Less than a month after inking a deal to sell its epoxy resins business to Westlake Chemical, Hexion Holdings has agreed to sell the rest of itself to the private equity firm American Securities for $30.00 per share. The deal values the company’s stock at nearly $1.8 billion.
American Securities will get a business with 1,300 employees and annual sales of nearly $1.4 billion. About 85% of the sales come from Hexion’s adhesives business, a large supplier of formaldehyde-based glues that go into wood applications such as plywood and oriented strand board.
The balance of Hexion is called Versatic Acids and Derivatives.

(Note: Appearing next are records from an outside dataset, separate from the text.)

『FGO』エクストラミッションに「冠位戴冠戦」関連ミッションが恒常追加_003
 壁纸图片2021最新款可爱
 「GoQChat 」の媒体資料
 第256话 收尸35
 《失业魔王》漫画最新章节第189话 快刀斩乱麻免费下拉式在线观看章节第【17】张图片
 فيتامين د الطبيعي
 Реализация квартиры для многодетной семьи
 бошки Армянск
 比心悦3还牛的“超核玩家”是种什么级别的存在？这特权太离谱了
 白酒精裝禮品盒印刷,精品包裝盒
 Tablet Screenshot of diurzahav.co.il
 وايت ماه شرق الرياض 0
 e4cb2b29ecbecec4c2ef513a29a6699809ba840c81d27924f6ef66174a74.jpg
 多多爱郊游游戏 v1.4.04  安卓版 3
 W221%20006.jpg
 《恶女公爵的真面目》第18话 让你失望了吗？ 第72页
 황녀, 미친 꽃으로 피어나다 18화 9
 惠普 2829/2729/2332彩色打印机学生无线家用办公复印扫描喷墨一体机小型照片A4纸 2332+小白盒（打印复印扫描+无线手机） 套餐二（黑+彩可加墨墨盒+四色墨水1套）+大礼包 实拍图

Included in this business are carboxylic acids such as neopentanoic acid, used as an intermediate to make peroxyesters, and neodecanoic acid, an intermediate and metal extraction chemical. The business also makes vinyl esters for decorative paints and glycidal esters for auto and industrial coatings.
In November, Hexion agreed to sell its epoxy business to the chlor-alkali giant Westlake Chemical for $1.2 billion.
Before announcing the American Securities deal, Hexion had been planning an initial public offering on the New York Stock Exchange. Hexion say the $30-per-share deal represents a 15% premium over recent share prices. Some of its shares are traded over the counter in private transactions.
Another private equity firm, Apollo Global Management, had controlled Hexion until 2019, when Hexion filed for bankruptcy. Now Hexion is mostly owned by financial firms that had been creditors. The largest is GoldenTree Asset Management, which owns nearly 20% of Hexion.
American Securities is no stranger to the chemical industry. It owned the benzoic acid specialist Emerald Kalama Chemical, which it sold this summer to Lanxess for just over $1 billion. In 2016, American Securities sold the pine chemical maker Arizona Chemical to Kraton for about $1.4 billion.
American Securities managing director Scott Wolff said in an announcement that Hexion is “well-aligned with global megatrends, including safety and sustainability requirements and regulations, population growth, and household formation.”